“Then I’ll go ask him for it.”
Julia Masterson laughed, not pleasantly. “He won’t give it to you.”
“Why?”
“Because then he’d have to give all the rest of us our money back too. It’s all locked up in his safe, every bit of gold and silver and cash money. Even most of the jewelry. Anytime someone got sick, he offered to lock up their valuables until they got better. Gave them a paper receipt, even. It wasn’t until folks started taking those papers to him and asking for their money that we realized what he’d done. He took over the whole town in the middle of our misery, and we let him.”
The irritation Hansen had harbored earlier flared up again, mixing potently with his grief to form an anger that blazed so high it left him breathless. “We’ll see about this.”
This time when he entered the saloon, Hansen let the door bang against the wall and drift half closed while he stalked straight up to the bar, O’Rourke’s saddlebags over one shoulder. Most of the same men lingered, still looking like they’d gotten whupped for asking for another bowl of gruel. He understood the meaning behind their appearances now.
“Welcome back,” Carter said from behind the bar. He raised one eyebrow and waited.
“You have something of mine,” Hansen said. “My friend asked you to hold it for me until I could come claim it. I’m here now.” The short walk from Doc Masterson’s had cooled his temper enough to remind him that requesting the gold reasonably might work. He had only an unknown woman’s word that Carter wouldn’t simply give him O’Rourke’s legacy when he asked for it. Sure, Julia Masterson talked what sounded like good sense, but she could have some reason for wanting to set a powerful-looking stranger against the bartender. People had been known to trick others into settling grudges for them before this.
“Is that so? Was it this man you mentioned earlier?”
“O’Rourke. Seamus O’Rourke.”
“What makes you think he left something here for you?”
“This.” Hansen pulled his letter out again and held it up for Carter to read.
Carter glanced at it. “And what does that prove?”
“That O’Rourke left something for me here.”
“But it doesn’t say anything about me.”
“No, Mrs. Masterson filled in that detail. She was with my friend when he died.”
“Ahh.” Carter shrugged. “We’ve had a lot of deaths here, stranger. I’m sorry I can’t remember them all.”
From the corner, a man said, “Come down off your fine horse, Carter. Seamus O’Rourke was that trapper who drifted in about the time we was finally getting better.”
Hansen turned a little so he could see the speaker, but still see Carter too. “You met him?”
“I helped carry him to Doc’s from the livery when he took sick,” answered the man.
“Thank you.” He wished he knew better, stronger words to show his gratitude.
“Only decent thing to do. Most of us do remember what that means. Most of us.”
Hansen faced the bartender. “How about it? Does that jog your memory any?” He stood tall, trusting his height and build to lend his words weight.
Carter nodded slowly. “A fur trapper, yes.
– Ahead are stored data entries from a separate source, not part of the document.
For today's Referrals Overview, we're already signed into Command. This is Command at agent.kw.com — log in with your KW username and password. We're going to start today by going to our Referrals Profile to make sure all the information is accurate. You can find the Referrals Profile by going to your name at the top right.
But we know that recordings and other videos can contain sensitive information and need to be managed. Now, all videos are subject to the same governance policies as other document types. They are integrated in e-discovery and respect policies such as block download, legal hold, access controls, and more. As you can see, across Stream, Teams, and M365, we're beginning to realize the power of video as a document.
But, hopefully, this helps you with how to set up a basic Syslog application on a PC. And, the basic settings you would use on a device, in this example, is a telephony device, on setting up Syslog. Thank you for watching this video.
Yes, I do remember him.” He offered his mustache-lifting grimace of a smile again. “I’m sorry, but I have no proof that anything he may have entrusted to me was meant for you.”
“What about this letter?”
“Anyone could have intercepted it. You say you’re the man mentioned, but can you prove it? I can’t hand over valuables on your say-so alone.”
“McDonald over at Fort Connah knows me. Would you believe him?”
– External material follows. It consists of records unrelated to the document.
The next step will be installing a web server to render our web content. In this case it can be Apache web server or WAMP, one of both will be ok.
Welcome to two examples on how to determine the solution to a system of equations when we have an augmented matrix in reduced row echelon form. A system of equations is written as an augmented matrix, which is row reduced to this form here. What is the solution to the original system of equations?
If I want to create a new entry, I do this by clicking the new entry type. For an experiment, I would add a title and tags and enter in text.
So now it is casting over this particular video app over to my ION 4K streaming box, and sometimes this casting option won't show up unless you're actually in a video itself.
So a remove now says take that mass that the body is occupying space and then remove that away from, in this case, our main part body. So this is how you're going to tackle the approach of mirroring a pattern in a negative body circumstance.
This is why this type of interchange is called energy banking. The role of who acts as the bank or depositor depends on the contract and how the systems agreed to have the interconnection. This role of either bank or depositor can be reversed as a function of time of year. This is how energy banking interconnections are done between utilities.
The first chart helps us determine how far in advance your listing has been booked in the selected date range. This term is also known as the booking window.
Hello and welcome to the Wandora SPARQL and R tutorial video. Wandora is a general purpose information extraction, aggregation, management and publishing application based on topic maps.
“Well, yes, I suppose if you can’t trust the word of a Hudson’s Bay man, who can you trust?” Carter folded his arms. “Of course, you have no proof that O’Rourke wrote that letter. You could have written it yourself.”
Hansen tucked away his letter slowly, making a great effort not to seize Carter by the shirt front and shake him until his mustache wilted and his eyes rolled. He didn’t even trust himselfnot to cuss the man out if he spoke, so he left the saloon without another word.
Behind him, he heard the same dry cough that thinly disguised a laugh.